The idea of a companion series to “Entourage,” set in the pro sports world, makes sense. Athletes and movie stars are more and more interchangeable. To that end, “Ballers” delivers the same constellation of relationships that “Entourage” did, the same acceptably reprobate behaviors and familial hangers-on, here called “whisper crews.”

The show is set in Miami Beach, during off-season “O.T.A.’s (official team activities). Dwayne (formerly The Rock) Johnson—and sometimes just his fascinatingly massive neck and shoulders, shot from the back—stars as Spencer Strassmore, a newly retired linebacker who played for the Miami Dolphins and is now back on South Beach trying to reinvent himself as a financial manager bringing fiscal sanity to the NFL’s current crop of profligate spenders.

As the show begins, Spencer is bereft of clients but soon takes on a hot-tempered wide receiver named Ricky Jerret (John David Washington) who has been cut by the Packers after his latest off-field incident (sex in a nightclub bathroom, though that isn’t the infraction; showing up on YouTube punching someone is).

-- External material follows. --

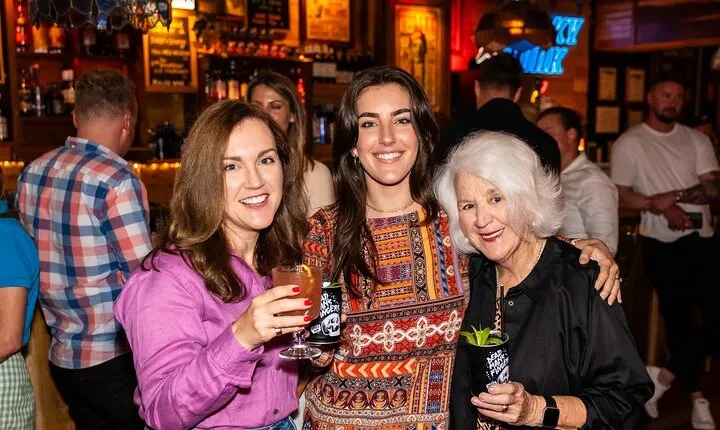 PERTH BAR+STREET ART TOUR: Hidden Secrets, Laneways + Good Times!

Spencer’s other client is a bigger fish—young Dallas Cowboys’ defensive end Vernon Littlefield (Donavan Carter). Vernon is coming to the end of his rookie contract and blowing through his remaining cash like tissue paper, too loyal to his boyhood friend Reggie (London Brown).

What’s at stake? The Career. Because the NFL is a more dangerous blood sport than acting, this plays more credibly on “Ballers” than it did on “Entourage,” a light and relatively stakes-less comedy that would likely have died a quicker death had Jeremy Piven not broken out as super-agent Ari Gold.

“Ballers’” super-agents and money guys are less operatic in their craven desperation than Ari (including Rob Corddry, funny enough as Spencer’s cruder-than-crude boss). But that’s no big deal, because the show actually has a lot more story going for it than “Entourage,” even if every single one of its plots and subplots seem ultimately to function as an apologia for the scandal-plagued NFL (nothing to see here except mistresses, locker-room hazing and a happily married, former Tampa Bay Buccanneers’ offensive lineman-turned car salesman coping with the ego-downsizing of retirement).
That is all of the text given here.